Although NBC Universal originally found it easy to deliver certain shows on a one-off basis to new-media partners, it quickly realized that model wasn’t going to be sustainable as more platforms emerged. So, five years ago, it rebuilt its distribution operations with the goal of using a single workflow to ingest, prepare, and distribute content to all platforms.

Now all NBC Universal content is controlled by a workflow-management system, said Braatz, regardless of whether it is headed for a TV network, the MediaFLO mobile-TV service, Hulu, iTunes, or cable VOD platforms. In the past year, NBCU delivered some 600,000 long-form pieces of content to its partners.

“The key to success is a single, unified workflow,” he noted.

PBS
PBS is delivering a similar high volume of online content and is also wrestling with the same format challenges, said CTO John McCoskey. Like NBCU, the network has tried to implement a single workflow for ingesting, preparing, and publishing content.

Today, the average piece of PBS content goes to 17 publishing points, each with own standard. In its kids’-programming area online, the network delivers 60 million-80 million video views a month, with an average viewing time of more than 20 minutes, and is pushing a petabyte of data per month through content-delivery networks (CDNs).

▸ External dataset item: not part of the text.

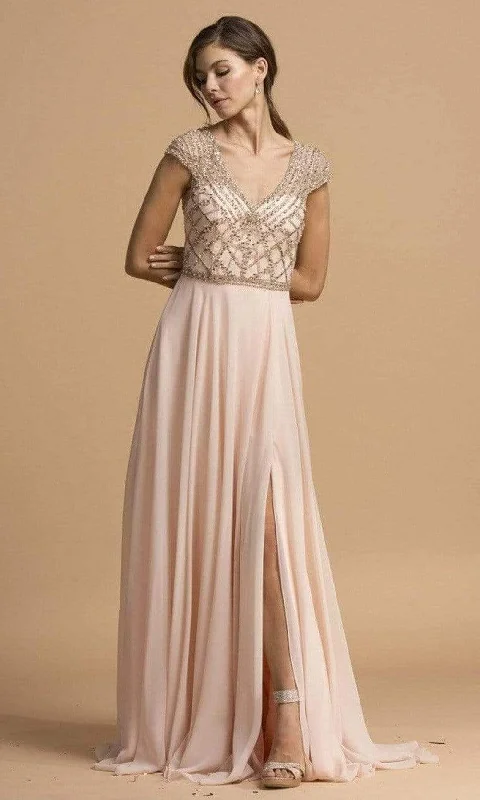 Aspeed Design - L2236 V-Neck A-Line Evening Dress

“It’s a different cost model than the broadcast world, and that cost is a commoditized cost today,” said McCoskey of CDNs. “Fortunately, that cost has dropped by a factor of three.”

NBA Entertainment
When it comes to digital platforms, the NBA is looking to serve two sets of clients: the fans at home and the teams themselves. The league maintains 100-Mbps fiber connections to all 29 arenas, allowing it to backhaul live feeds of every game, and also manages a rapidly growing digital archive of game footage and in-depth game statistics, which teams use for both coaching and marketing applications.

“We have a media-management system where teams can come in and browse the archives, select clips, and flip files to HD,” said Steve Hellmuth, EVP, operations and technology, for NBA Entertainment. “Or a partner like Nike might come in and do an order for 2,000 or 3,000 clips of their players, and we’ll dump it off on a hard drive and send it to them.”

Although the NBA has outsourced domestic businesses like NBA TV, NBA League Pass, and NBA.com to Turner’s digital arm in Atlanta, international partners like Shanghai Media in China pick up their League Pass content feeds directly from NBA Entertainment headquarters in Secaucus, NJ. Like the networks, the NBA has faced similar challenges in meeting different clients’ format requests.

“I remember, at first, I set all my digital standards,” Hellmuth recalled. “Then, I quickly backed off and figured out how to deliver whatever the customer wants.”

Although programmers may be willing to deal with that level of complexity to bring in digital dollars, Hellmuth and the other panelists said the transaction process has to get easier as consumers are offered more digital-video choices. While no one expects a single authentication system to be created or a single platform like Google TV to become dominant for accessing broadband content, Hellmuth predicted that there will be some consolidation on the transaction side of new media.

“The huge success of Apple has been the convenience factor,” he suggested. “So whether it’s leveraging relationships with cable operators or someone like Amazon, these transaction technologies need to be studied actively.”